I think bandwidth is becoming a necessity and local government can deliver it (for the record, I did not vote for Obama last time! ;-)




If multiple providers were leasing the fiber, they could compete on how they handle the data on the other side of the last mile: how they're connected to other networks (peering and transit), price, oversubscription rates, acceptable use policy, willingness to install caching boxes provided by content providers, what services are included and their quality (dns/mail/vpn/homepage/news/shell).


The ISPs would still need to pay for the interconnects b/t the municipal ISP and, say, Level 3. So performance, etc. as well.

The way I envision it working is:

FTTH is the municipal and they hook it up to a single interchange. From there, someone has to pay for the routing to the rest of the internet, etc. Its the FTTH that is screwed up.


Ask Australia and the UK. Works great for them.


ISPs here (the UK) primarily use the same physical last mile (along with their own hardware in the exchanges), and often the same backbone infrastructure, but differentiate on pricing and service.

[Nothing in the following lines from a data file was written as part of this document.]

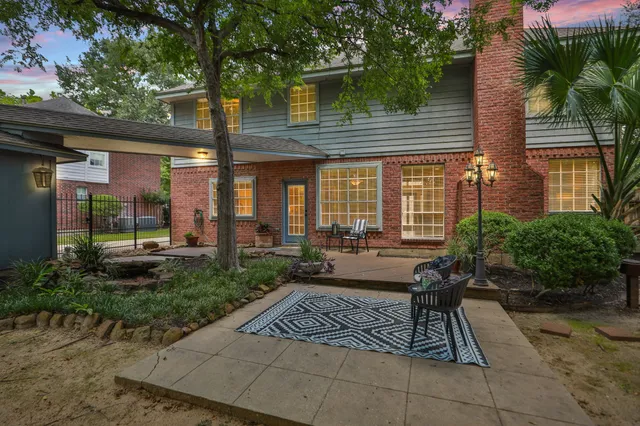 a view of backyard with outdoor seating and plants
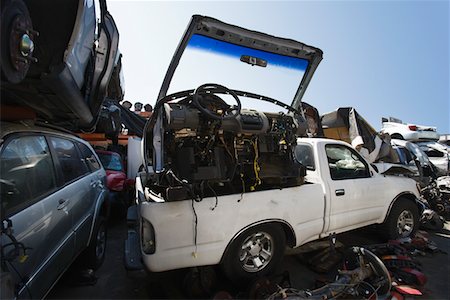 scrap yard pile of cars - Cars in junkyard Stock Photo - Premium Royalty-Free, Code: 694-03328728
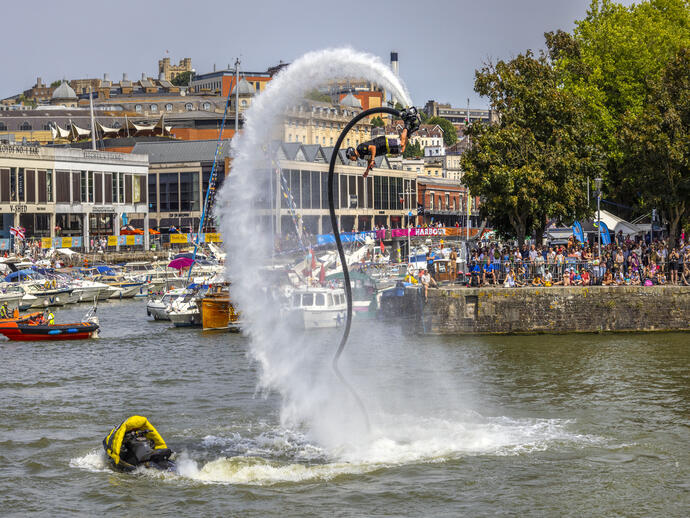 A man riding a jetstream of water into the air as part of Bristol Harbour Festival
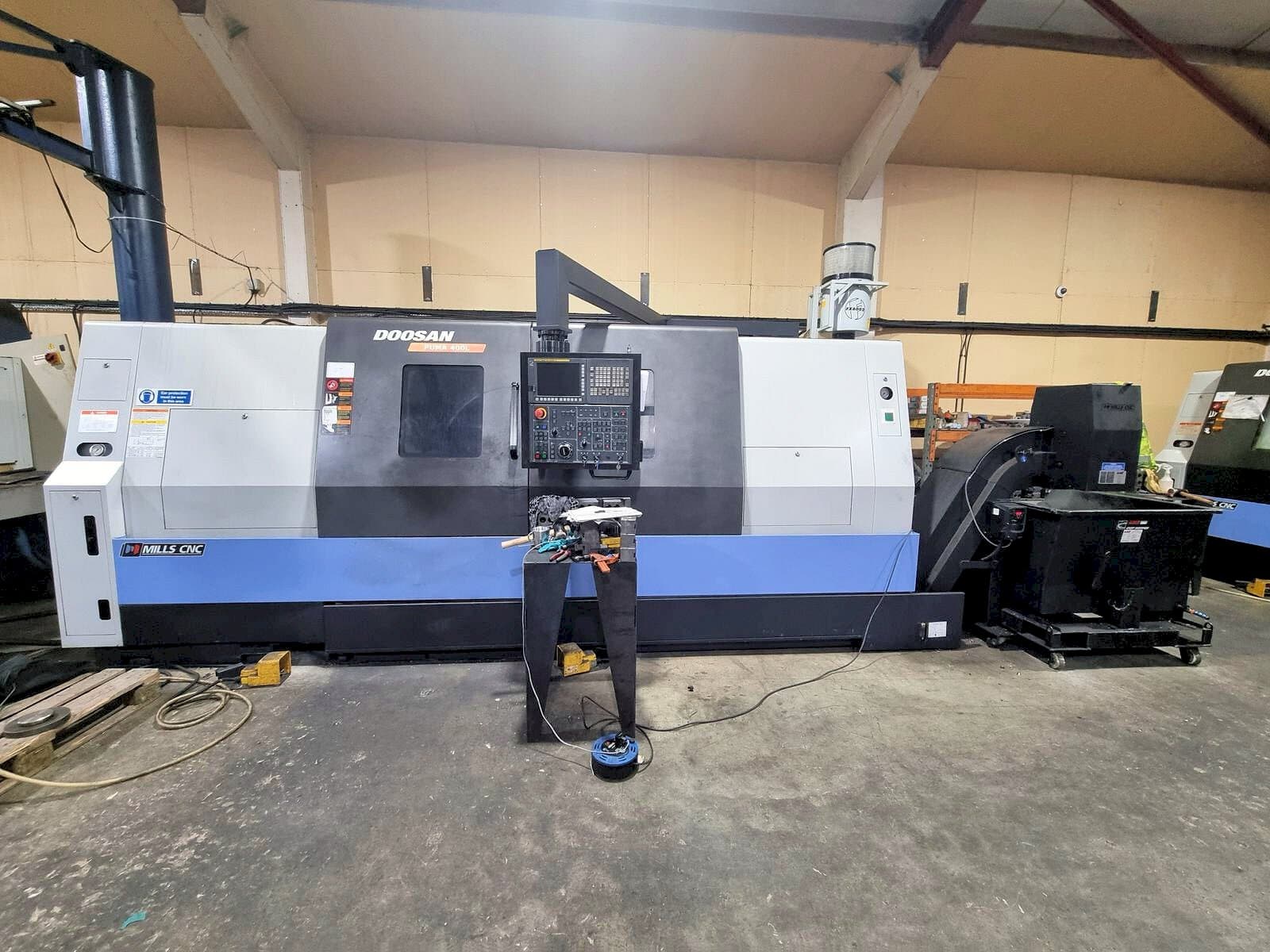 Mašīnas DOOSAN Puma 400LB  pretskats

There's also enough money caught up in the retail ISP business that if the infrastructure maintainers failed to do their jobs, the retail ISPs could reasonably compete with them, at least in key markets. This, combined with a strong telecoms regulator pressuring them into developing and maintaining infrastructure, generally works out reasonably well; much of the country, including a lot of small towns, now have 50-70Mbps unlimited unshapedc FTTC for a reasonable price.